Figure 1. Association of metabolic disorders with stroke risk: logistic regression results from the Health and Retirement Study.

Impact of diabetes, hyperlipidemia, hypertension, and obesity on stroke incidence: insights from the ELSA

In a comprehensive analysis of stroke risk associated with four key metabolic conditions—diabetes, hyperlipidemia, hypertension, and obesity—using data from the ELSA, significant findings emerged that highlight the interplay between these conditions and stroke incidence (Figure 2). The analysis indicated that total family income (coefficient: 0.62) and obesity (coefficient: 0.53) were the most influential predictors of stroke risk, suggesting that higher income levels may correlate with better health outcomes. Additionally, net family wealth (coefficient: 0.34) was found to significantly affect stroke incidence, reinforcing the notion that socioeconomic status plays a crucial role in health. Among other metabolic risk factors, both hyperlipidemia (coefficient: 0.26) and hypertension (coefficient: 0.13) were positively correlated with increased stroke risk. This finding aligns with existing literature, which emphasizes the importance of managing cardiovascular conditions to prevent stroke. Conversely, age exhibited a negative correlation with stroke risk (coefficient: -0.28), indicating that, within this cohort, older age may be associated with complexities in health management that inadvertently lower stroke incidence, possibly due to increased healthcare vigilance. The analysis also highlighted the roles of diabetes, mental status, and years of education—with coefficients ranging from 0.08 to 0.33—suggesting a moderate impact on stroke risk. Specifically, improved mental health and educational attainment may serve as protective factors against stroke incidence. On the other hand, both cognitive decline and memory impairment presented interesting results, with coefficients of -0.17 and -0.34, respectively. These findings could imply that cognitive deterioration might influence health behaviors or access to care, ultimately affecting stroke risk dynamics.

Figure 2
Bar chart titled “Impact of Metabolic Health Factors on Stroke Incidence.” It shows estimated coefficients for predictors. Total Family Income, Obesity, and Net Family Wealth have positive impacts, while Age, Cognitive Decline, and Memory Impairment have negative impacts.

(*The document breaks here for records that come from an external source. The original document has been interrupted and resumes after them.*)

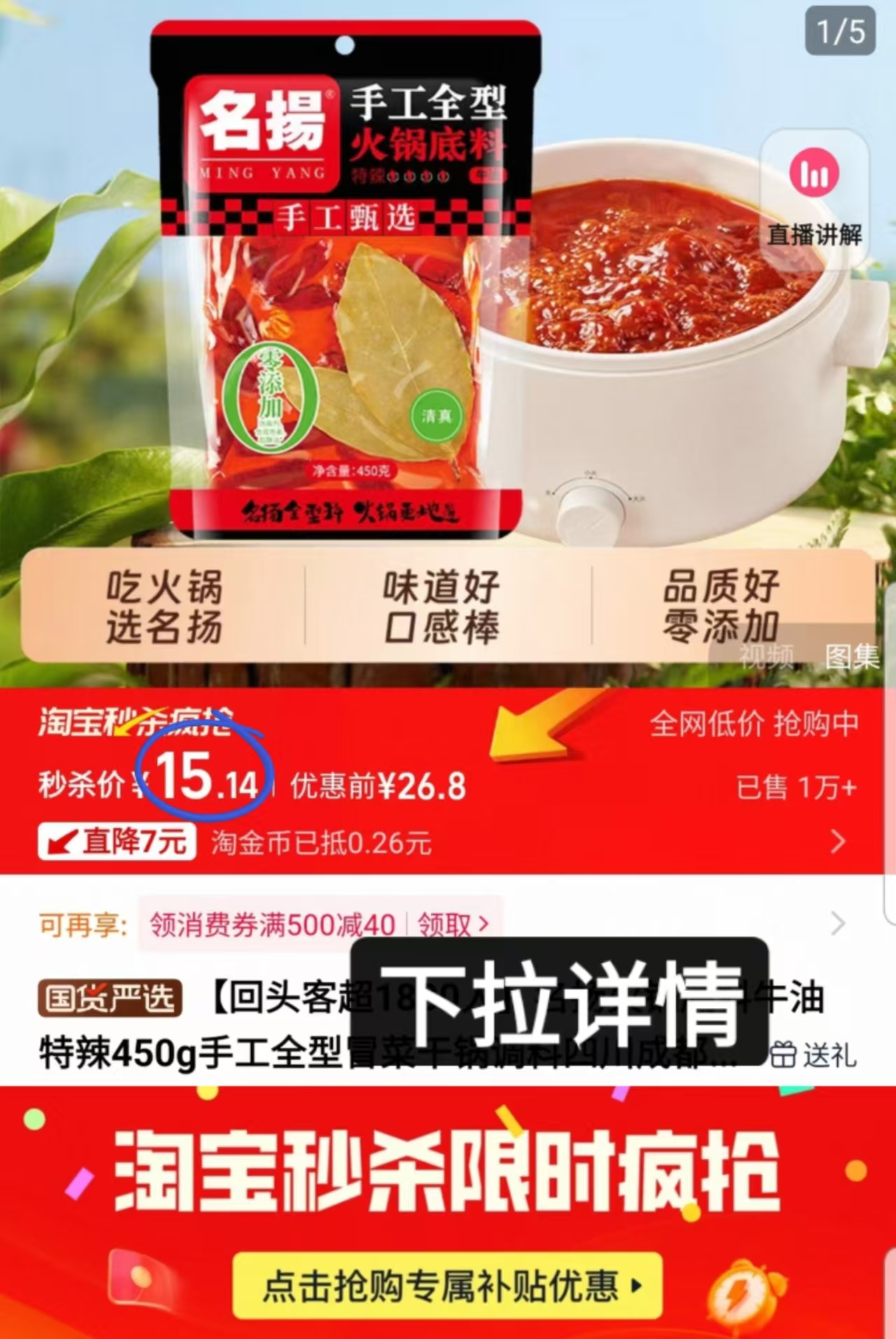 四川名扬牛油火锅底料450g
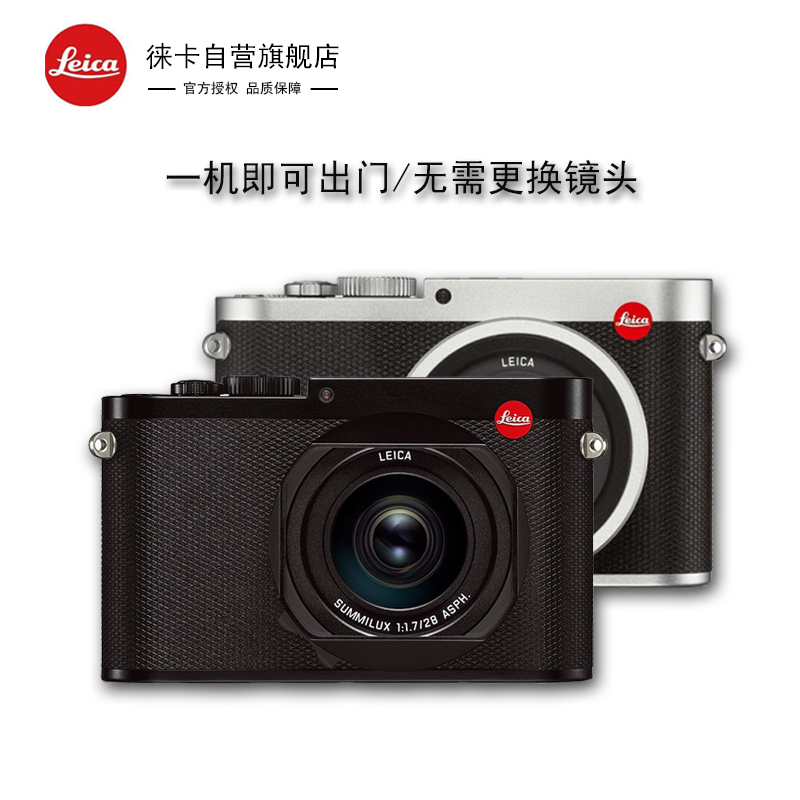徕卡(Leica) Q Typ116 全画幅数码相机2400万像素 3英寸 (黑色)套餐二 轻便相机高清大图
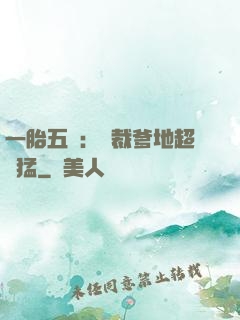 一胎五寶：總裁爹地超兇猛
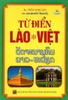 Từ Điển Lào Việt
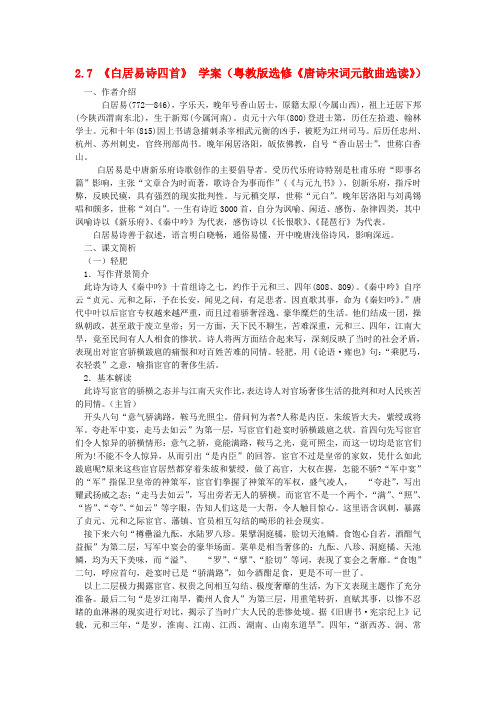 高中语文 2.7 白居易诗四首 学案 粤教版选修唐诗宋词元散曲选读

Figure 2. Association of metabolic disorders with stroke risk: logistic regression results from the english Longitudinal Study of Ageing.

Metabolic risk factors for stroke: insights from ELSA and HRS Random Forest models

In the Random Forest analyses of stroke risk from the ELSA and HRS datasets (Figure 3), hypertension consistently emerged as the most significant predictor. In the ELSA database, the Mean Decrease Gini value for hypertension was 22.57, indicating its dominant role in predicting stroke risk, significantly surpassing the 17.41 observed in the HRS database. This discrepancy may reflect differences in the health status or management conditions of hypertension among the ELSA population, highlighting the critical significance of hypertension in relation to stroke risk.

Figure 3
Two radar charts compare feature importance in a Random Forest model for two datasets, HRS and ELSA. Each chart evaluates features: hypertension, obesity, hyperlipidemia, and diabetes with importance percentages from zero to one hundred.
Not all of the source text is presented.